Исаак Башевис Зингер. 1953

Во время путешествия Зингер публиковал в идишской газете «Форвертс» по несколько статей в неделю, описывая свой визит. Порой эти статьи похожи на туристические очерки, но при этом они описывают сложность восприятия Зингером Израиля как идеи и как географического пространства. С юных лет Израиль занимал существенное место в сознании Зингера, росшего в религиозной среде, это отразилось и в его раннем творчестве — кое‑что было опубликовано и на иврите. Еще в Варшаве Зингер написал новеллу «Обратный путь» (1928), герой которой — молодой человек, полный сионистских мечтаний, уезжает в Страну Израиля, а через пять лет возвращается обратно, испытав голод, малярию и нищету. В 1948 году, всего за неделю до провозглашения Государства Израиль, он закончил «Семью Мускат» описанием того, как несколько персонажей романа покидают Варшаву в погоне за сионистской мечтой. В 1955‑м, всего за несколько недель перед поездкой, он опубликовал эпизод из «Папиного домашнего суда» (1956) под названием «К Земле Израиля», о жестянщике, который уезжает с семьей в Святую Землю, разочаровывается, возвращается в Варшаву, а потом, несмотря ни на что, опять уезжает обратно. В своих воспоминаниях Зингер писал, что в середине 1920‑х подумывал о том, чтобы уехать в подмандатную Палестину, а в рассказе «Сертификат» (1967) описывает этот опыт в рассказе, в финале которого герой вместо Палестины возвращается в свой штетл. В конце 1938 года в письме Руне, отправленном из Нью‑Йорка, он все еще не оставляет эту идею: «План у меня такой: как только я обзаведусь минимальными средствами — а я надеюсь, что это произойдет скоро, — я отправлюсь в Палестину». Но к середине 1939 года на смену этим мечтам приходит уже совершенно другой взгляд на мир: «Пока что получить визу в Палестину для меня невозможно». Похоже, что Израиль оставался для Зингера дорогой, по которой он не пошел ни в символическом, ни в буквальном смысле.

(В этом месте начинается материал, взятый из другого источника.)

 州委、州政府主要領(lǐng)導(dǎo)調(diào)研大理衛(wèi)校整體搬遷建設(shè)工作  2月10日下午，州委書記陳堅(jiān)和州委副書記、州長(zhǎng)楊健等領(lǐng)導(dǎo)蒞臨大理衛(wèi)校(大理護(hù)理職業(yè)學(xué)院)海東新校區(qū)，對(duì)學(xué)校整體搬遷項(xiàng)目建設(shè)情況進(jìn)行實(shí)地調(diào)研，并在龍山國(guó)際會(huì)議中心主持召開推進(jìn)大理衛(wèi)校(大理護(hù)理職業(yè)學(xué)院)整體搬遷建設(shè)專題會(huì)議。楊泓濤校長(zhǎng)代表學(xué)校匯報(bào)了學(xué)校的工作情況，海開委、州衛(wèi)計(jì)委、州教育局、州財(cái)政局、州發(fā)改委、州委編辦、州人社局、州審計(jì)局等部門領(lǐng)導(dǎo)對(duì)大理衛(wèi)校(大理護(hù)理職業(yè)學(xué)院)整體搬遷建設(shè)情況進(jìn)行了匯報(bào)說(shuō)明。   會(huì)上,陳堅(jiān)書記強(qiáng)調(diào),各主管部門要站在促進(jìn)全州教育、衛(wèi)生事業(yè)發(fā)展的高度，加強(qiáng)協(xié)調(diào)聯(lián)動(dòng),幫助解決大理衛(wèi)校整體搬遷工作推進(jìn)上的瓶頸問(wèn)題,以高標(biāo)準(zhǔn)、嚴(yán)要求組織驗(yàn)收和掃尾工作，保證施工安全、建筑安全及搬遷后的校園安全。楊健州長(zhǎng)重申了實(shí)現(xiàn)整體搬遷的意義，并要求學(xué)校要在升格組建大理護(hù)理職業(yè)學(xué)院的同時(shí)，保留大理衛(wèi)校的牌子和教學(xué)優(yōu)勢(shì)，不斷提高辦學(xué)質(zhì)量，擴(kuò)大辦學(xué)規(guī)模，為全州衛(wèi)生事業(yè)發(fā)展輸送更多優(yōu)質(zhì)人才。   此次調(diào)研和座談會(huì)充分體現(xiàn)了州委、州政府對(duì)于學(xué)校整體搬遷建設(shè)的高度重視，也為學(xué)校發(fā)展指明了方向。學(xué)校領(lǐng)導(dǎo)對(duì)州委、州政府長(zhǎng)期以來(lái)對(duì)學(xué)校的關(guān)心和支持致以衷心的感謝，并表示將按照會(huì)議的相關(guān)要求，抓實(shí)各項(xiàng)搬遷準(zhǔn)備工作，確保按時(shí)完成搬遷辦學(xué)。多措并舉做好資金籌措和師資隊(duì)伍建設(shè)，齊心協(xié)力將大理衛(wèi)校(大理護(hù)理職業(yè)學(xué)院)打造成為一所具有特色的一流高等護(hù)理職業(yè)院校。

И все же в конце 1955 года Зингер с женой Альмой впервые отправился в Израиль на корабле «Арца», следовавшем из Марселя через Неаполь в Хайфский порт, — не религиозным ребенком или молодым идеалистом, а идишским писателем средних лет, который уже заявил о себе на американском литературном небосклоне. Его журналистское задание состояло в том, чтобы рассказывать о путешествии в серии очерков, которые дадут идишским читателям в Соединенных Штатах представление о том, как выглядит молодое Государство Израиль. Его сын Замир находился тогда в Нью‑Йорке, представляя там движение «А‑шомер а‑цаир», и в письмах и воспоминаниях нет никаких свидетельств того, что он собирался встретиться с Руней. Зингер самостоятельно путешествовал по Израилю вместе с Альмой, но описывал путешествие как будто бы был в одиночестве.

 

Оригинальный взгляд Башевиса — за которым стояли сложный личный опыт и вполне прагматические цели — придает неповторимость путевым заметкам из Израиля. Он рисует небольшие картины — и никогда не забывает о глобальном образе. Это чувствуется с первых дней путешествия, еще когда он был на корабле. «Я думаю о рабби Йеуде Галеви и о тех жертвах, которые они принес, чтобы его взору открылась Святая Земля, — писал он, пока корабль плыл из Франции в Италию. — Я думаю о первопроходцах, о первых строителях нового ишува. <…> Не может быть, чтобы на этом корабле не было никаких их следов? Разве евреи уже не так преданы идее Земли Израиля душой и телом?» Зингер ищет доказательства духовного величия Земли Израиля в людях, которые плывут вместе с ним, но вскоре ему становится ясно, что Израиль — не плод воображения, а вполне реальное место. «Нет, все не так плохо, — пишет он. — Огонь на месте, но он скрыт <…> Земля Израиля стала реальностью, частью повседневной жизни».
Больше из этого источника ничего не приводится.